◆ WHAT TO DO:
Below are some records; quote exactly the lines from the one that contains "Hello everyone, my" through the one that contains "All right, so", inclusive, and no others.
__________________________________________________
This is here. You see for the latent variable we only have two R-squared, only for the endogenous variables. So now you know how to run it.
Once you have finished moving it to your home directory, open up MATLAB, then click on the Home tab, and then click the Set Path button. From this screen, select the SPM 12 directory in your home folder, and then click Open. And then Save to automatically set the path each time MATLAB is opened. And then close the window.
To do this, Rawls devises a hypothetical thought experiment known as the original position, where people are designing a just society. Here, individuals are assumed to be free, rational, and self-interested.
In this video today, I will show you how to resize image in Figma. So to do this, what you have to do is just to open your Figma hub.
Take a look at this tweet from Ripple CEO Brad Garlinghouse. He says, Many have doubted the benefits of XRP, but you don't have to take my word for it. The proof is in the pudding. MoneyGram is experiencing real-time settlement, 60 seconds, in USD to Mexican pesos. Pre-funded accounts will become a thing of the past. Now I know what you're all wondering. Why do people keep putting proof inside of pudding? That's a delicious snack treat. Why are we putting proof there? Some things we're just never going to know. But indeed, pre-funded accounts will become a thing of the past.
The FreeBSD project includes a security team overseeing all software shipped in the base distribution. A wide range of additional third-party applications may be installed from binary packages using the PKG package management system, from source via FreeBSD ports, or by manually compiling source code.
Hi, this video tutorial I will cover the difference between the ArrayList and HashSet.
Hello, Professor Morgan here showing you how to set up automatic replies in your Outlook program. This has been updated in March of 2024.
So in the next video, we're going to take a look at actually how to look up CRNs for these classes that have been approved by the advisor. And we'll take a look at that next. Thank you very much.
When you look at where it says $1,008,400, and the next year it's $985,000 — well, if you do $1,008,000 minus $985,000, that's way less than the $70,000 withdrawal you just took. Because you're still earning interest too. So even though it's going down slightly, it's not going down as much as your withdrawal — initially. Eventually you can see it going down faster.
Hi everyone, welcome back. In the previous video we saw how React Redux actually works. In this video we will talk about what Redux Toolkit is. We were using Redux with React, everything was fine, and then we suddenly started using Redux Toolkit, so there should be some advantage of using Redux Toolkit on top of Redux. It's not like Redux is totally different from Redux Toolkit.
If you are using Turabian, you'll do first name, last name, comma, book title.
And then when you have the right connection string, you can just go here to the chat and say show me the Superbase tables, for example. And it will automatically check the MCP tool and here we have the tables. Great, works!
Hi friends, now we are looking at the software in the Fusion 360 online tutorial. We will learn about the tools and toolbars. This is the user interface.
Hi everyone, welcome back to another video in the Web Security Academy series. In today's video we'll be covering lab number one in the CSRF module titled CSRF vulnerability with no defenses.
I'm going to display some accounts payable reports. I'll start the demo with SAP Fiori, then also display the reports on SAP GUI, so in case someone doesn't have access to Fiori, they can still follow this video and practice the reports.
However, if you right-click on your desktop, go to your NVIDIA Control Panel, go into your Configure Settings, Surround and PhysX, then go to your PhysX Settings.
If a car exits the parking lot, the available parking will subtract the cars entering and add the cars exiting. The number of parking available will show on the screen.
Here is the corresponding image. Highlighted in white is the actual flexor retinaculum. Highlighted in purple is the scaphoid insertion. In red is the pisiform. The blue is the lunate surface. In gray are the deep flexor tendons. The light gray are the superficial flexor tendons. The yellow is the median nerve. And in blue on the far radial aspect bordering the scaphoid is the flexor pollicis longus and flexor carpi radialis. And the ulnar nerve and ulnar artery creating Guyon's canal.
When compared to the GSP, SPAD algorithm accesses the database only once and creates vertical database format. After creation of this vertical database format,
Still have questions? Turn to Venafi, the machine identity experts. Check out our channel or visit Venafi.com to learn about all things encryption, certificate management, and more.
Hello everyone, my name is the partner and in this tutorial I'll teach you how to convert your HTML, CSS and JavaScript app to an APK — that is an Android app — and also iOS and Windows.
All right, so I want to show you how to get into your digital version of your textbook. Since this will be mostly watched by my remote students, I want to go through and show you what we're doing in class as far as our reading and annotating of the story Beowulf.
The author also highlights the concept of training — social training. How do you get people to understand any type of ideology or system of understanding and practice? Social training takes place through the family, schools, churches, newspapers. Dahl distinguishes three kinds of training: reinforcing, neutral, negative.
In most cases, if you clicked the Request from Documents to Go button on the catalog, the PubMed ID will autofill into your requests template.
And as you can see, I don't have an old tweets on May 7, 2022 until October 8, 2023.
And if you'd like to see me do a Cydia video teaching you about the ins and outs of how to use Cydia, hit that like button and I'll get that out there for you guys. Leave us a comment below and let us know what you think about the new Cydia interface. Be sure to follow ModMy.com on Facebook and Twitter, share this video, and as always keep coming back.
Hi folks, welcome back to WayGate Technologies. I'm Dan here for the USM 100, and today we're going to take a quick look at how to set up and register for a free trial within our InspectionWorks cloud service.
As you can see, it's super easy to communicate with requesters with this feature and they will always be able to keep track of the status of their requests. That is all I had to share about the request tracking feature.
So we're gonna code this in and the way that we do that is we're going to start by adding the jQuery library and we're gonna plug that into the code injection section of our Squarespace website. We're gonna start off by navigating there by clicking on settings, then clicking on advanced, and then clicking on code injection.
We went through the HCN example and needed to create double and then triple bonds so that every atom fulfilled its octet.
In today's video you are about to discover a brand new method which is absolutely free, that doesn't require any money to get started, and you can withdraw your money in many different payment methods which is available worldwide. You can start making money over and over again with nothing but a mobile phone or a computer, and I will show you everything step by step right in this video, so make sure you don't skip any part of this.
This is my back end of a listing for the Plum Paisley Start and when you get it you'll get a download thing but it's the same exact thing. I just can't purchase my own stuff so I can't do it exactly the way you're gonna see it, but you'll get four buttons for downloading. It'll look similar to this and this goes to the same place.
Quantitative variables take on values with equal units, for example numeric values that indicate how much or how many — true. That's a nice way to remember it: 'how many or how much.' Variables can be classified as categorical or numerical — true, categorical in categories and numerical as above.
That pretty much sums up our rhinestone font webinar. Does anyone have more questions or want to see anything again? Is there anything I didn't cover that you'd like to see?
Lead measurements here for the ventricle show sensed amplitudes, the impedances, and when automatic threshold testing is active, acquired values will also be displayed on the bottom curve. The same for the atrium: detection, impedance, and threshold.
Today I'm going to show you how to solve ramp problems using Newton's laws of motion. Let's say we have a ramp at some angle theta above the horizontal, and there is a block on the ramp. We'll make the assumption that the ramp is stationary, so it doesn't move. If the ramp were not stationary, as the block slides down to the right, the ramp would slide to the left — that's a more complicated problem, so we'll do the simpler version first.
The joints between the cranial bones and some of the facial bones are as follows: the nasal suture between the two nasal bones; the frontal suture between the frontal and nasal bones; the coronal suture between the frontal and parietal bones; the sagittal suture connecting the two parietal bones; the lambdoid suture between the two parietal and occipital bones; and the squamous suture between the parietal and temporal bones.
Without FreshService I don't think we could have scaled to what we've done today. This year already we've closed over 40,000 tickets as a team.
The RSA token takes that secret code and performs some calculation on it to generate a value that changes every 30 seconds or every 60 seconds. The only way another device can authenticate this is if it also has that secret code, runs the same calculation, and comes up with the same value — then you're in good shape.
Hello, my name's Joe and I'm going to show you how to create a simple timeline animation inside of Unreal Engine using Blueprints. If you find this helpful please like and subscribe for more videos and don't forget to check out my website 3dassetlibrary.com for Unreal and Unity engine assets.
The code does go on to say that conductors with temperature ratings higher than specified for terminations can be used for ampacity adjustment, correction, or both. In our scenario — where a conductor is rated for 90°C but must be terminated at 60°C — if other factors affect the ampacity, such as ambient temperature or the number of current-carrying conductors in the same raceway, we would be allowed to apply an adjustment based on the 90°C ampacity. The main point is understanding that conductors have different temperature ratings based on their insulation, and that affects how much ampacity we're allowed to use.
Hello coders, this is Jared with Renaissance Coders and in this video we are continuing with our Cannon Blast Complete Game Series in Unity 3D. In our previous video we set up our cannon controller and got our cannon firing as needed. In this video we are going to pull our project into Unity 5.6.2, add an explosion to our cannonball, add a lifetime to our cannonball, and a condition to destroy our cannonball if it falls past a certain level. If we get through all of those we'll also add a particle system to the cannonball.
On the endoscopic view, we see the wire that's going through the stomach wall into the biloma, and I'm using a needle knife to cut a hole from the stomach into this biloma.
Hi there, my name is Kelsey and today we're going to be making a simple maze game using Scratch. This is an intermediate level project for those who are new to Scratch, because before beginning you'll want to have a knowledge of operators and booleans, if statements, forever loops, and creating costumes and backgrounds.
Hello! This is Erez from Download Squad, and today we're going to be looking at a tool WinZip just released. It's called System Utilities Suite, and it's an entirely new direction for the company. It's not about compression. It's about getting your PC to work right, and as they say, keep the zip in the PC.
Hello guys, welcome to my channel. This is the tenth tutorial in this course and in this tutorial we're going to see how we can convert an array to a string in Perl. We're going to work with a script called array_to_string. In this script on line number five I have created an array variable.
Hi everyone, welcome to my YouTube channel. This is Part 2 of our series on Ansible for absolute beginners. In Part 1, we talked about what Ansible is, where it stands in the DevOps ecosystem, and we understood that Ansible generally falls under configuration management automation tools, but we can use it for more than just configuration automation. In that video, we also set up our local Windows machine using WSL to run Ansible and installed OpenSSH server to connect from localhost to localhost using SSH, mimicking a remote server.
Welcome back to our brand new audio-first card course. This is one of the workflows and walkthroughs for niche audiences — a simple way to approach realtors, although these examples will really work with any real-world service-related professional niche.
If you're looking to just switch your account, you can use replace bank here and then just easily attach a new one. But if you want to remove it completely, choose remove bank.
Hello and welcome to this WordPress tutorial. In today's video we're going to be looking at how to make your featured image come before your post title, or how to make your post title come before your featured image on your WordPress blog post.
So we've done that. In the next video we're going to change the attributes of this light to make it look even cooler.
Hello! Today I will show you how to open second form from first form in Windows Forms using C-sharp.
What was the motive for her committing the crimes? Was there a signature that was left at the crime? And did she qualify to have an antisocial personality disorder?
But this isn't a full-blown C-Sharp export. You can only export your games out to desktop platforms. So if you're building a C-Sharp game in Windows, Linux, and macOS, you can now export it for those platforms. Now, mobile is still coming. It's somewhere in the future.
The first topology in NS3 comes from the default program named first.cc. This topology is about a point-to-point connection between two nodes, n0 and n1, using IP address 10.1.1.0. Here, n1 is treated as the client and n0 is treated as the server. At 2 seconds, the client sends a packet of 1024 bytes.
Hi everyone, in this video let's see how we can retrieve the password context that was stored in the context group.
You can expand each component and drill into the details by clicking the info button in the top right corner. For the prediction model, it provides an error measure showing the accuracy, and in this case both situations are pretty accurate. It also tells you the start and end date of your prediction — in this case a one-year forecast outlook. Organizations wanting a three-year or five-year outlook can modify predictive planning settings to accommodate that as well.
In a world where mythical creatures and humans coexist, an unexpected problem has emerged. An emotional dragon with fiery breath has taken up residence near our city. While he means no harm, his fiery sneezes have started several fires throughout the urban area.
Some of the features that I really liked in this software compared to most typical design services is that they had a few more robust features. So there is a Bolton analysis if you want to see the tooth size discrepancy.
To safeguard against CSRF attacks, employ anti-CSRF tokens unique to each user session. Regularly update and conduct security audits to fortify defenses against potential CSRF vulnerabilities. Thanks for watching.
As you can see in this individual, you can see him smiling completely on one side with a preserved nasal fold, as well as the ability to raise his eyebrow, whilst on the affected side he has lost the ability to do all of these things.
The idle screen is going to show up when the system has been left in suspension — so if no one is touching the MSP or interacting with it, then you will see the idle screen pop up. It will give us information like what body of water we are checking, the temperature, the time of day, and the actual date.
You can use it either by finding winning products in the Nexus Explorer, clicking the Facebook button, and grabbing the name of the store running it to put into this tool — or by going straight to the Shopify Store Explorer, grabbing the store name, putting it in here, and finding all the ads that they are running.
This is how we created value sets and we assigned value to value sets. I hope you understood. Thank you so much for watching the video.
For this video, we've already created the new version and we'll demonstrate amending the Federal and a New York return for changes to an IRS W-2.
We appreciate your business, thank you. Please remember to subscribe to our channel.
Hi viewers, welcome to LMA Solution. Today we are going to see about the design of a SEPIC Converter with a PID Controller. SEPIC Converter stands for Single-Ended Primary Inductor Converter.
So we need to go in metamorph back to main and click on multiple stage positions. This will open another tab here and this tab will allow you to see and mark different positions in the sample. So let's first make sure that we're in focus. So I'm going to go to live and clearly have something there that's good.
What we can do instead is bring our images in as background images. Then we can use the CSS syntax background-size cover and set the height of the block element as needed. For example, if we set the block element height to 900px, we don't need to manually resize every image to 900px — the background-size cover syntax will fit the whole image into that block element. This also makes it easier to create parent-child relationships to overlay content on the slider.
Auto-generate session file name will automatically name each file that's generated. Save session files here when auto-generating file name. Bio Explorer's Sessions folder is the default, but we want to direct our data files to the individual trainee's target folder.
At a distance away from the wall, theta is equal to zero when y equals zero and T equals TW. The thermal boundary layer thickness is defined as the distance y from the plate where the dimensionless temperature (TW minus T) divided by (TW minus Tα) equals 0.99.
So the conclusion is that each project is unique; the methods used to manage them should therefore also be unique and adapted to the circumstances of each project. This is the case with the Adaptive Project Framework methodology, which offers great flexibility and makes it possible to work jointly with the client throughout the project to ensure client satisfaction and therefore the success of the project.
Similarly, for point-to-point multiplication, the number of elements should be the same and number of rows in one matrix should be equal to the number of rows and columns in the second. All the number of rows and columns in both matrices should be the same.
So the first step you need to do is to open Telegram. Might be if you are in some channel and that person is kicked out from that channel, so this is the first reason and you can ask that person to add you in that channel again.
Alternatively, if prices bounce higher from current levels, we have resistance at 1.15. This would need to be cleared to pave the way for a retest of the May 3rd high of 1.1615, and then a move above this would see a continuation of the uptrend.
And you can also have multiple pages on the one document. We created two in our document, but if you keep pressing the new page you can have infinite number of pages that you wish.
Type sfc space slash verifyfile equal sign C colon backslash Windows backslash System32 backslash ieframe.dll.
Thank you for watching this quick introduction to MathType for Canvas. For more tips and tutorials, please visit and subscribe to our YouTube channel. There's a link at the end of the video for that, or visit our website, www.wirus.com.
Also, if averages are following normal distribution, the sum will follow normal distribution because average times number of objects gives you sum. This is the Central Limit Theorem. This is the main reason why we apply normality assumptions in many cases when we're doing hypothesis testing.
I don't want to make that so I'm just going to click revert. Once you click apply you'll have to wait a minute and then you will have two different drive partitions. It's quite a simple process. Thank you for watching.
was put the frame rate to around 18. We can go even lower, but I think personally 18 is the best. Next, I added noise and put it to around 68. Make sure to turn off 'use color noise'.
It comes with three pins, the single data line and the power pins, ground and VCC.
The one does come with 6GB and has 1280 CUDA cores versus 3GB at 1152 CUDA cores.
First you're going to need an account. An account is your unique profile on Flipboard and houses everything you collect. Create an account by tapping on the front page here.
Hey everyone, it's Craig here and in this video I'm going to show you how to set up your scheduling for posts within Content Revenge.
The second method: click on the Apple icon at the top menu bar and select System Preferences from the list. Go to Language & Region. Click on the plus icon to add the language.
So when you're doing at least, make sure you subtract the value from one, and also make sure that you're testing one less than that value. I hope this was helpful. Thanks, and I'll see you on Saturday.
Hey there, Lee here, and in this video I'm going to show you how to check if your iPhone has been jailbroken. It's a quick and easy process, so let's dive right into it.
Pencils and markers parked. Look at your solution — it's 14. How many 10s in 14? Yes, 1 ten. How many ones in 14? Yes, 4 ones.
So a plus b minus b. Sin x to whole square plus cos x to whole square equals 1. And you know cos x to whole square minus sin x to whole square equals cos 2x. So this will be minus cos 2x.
__________________________________________________
◆ RESPONSE TO THE TASK:
Hello everyone, my name is the partner and in this tutorial I'll teach you how to convert your HTML, CSS and JavaScript app to an APK — that is an Android app — and also iOS and Windows.
All right, so I want to show you how to get into your digital version of your textbook. Since this will be mostly watched by my remote students, I want to go through and show you what we're doing in class as far as our reading and annotating of the story Beowulf.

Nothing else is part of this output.